La relation peut être tellement fusionnelle, explique aussi Hervé, le fils de M. Toutlemonde, qu'il est arrivé que ces débardeurs élevés à la dure versent des larmes quand un cheval arrive au terme de sa vie: «On les garde en pâture. Il nous est arrivé de devoir aller les relever nous-mêmes parce qu'ils n'arrivaient plus à se mettre debout; ils étaient au bout de leur vie», dit-il.

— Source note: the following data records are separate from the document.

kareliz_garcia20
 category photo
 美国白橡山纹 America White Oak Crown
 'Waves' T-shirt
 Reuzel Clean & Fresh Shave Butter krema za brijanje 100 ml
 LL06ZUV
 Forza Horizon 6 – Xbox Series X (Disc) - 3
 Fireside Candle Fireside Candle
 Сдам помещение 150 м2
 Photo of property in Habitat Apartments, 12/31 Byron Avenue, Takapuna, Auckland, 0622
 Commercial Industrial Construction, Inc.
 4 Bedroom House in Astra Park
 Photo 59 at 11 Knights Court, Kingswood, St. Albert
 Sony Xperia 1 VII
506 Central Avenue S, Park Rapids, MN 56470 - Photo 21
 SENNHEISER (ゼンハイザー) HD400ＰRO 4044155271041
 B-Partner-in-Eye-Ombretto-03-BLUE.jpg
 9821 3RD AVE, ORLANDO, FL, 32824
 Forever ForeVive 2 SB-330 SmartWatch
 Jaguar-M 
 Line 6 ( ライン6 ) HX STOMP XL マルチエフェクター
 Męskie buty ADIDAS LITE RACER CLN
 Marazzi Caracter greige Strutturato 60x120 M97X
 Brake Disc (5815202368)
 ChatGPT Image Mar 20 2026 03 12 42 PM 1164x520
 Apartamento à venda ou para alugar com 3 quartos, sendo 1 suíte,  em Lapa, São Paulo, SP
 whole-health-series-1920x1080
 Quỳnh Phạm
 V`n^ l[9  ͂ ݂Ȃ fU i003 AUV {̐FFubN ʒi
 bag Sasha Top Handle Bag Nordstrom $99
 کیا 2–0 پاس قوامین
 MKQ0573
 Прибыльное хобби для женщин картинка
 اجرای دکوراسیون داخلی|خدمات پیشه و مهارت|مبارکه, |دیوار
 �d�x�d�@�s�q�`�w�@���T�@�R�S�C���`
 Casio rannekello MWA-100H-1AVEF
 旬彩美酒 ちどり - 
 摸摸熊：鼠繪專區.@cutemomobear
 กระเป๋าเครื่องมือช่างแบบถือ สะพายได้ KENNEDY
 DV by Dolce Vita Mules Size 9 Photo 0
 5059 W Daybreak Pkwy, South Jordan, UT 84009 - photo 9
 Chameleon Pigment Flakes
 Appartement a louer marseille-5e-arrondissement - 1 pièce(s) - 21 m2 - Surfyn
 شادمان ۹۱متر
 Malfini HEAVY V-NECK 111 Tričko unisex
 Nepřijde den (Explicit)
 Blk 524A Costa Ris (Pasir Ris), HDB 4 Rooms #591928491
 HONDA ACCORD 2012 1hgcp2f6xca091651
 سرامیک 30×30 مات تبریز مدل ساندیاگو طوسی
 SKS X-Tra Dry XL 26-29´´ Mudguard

«J'ai gagné Libramont avec Bella, une jument extraordinaire, se souvient Albert Toutlemonde. J'ai dit qu'elle mourrait à la maison. On l'a gardée jusqu'à la fin. Elle souffrait. Je n'aimais pas non plus de la voir piquer chez moi. C'était déchirant. »
«Il n'y a des liens forts qu'avec les chevaux qui étaient de vraies braves bêtes; mais il y a aussi les "saloperies de bêtes"», comme en témoigne Albert Toutlemonde: «J'en ai gardé qui étaient méchants et qui vous auraient tué.» À cause de quoi, puisque l'éducation est toujours la même? «C'est dans le croisement de ces chevaux qu'il y avait des problèmes. Ces bêtes-là, tordues qui refusent le travail, sont en forme quand il est l'heure de retourner!, ajoute-t-il. On se méfiait de certaines lignées comme celle de Fiston du Seigneur dont les petits avaient un vice dans la tête. Ce n'est pas noté dans le stud-book si le cheval est vicieux ou pas. Avec l'expérience, on repère les bons et les mauvais.»
La mécanisation, c’est la fin des chevaux
Dans les années 1950, à Carlsbourg, les Toutlemonde étaient les seuls véritables débardeurs de métier. D'autres fermiers faisaient de temps en temps un lot, mais c'était assez marginal. «Nous ne faisions pas que sortir le bois de la forêt. Il fallait le transporter avec les chevaux dans les scieries ou sur des quais de chargement à Carlsbourg et Paliseul. Il y avait des découpeurs avec des scies sur ces quais; il n'y avait pas de tronçonneuse. Puis, les camions sont arrivés et le métier de transporteur avec les chevaux a été terminé vers la fin des années 1950. On s'est alors concentré uniquement sur le débardage.»
«Avec la mécanisation, on a planté plus large: la qualité du bois a baissé, les chevaux ont disparu»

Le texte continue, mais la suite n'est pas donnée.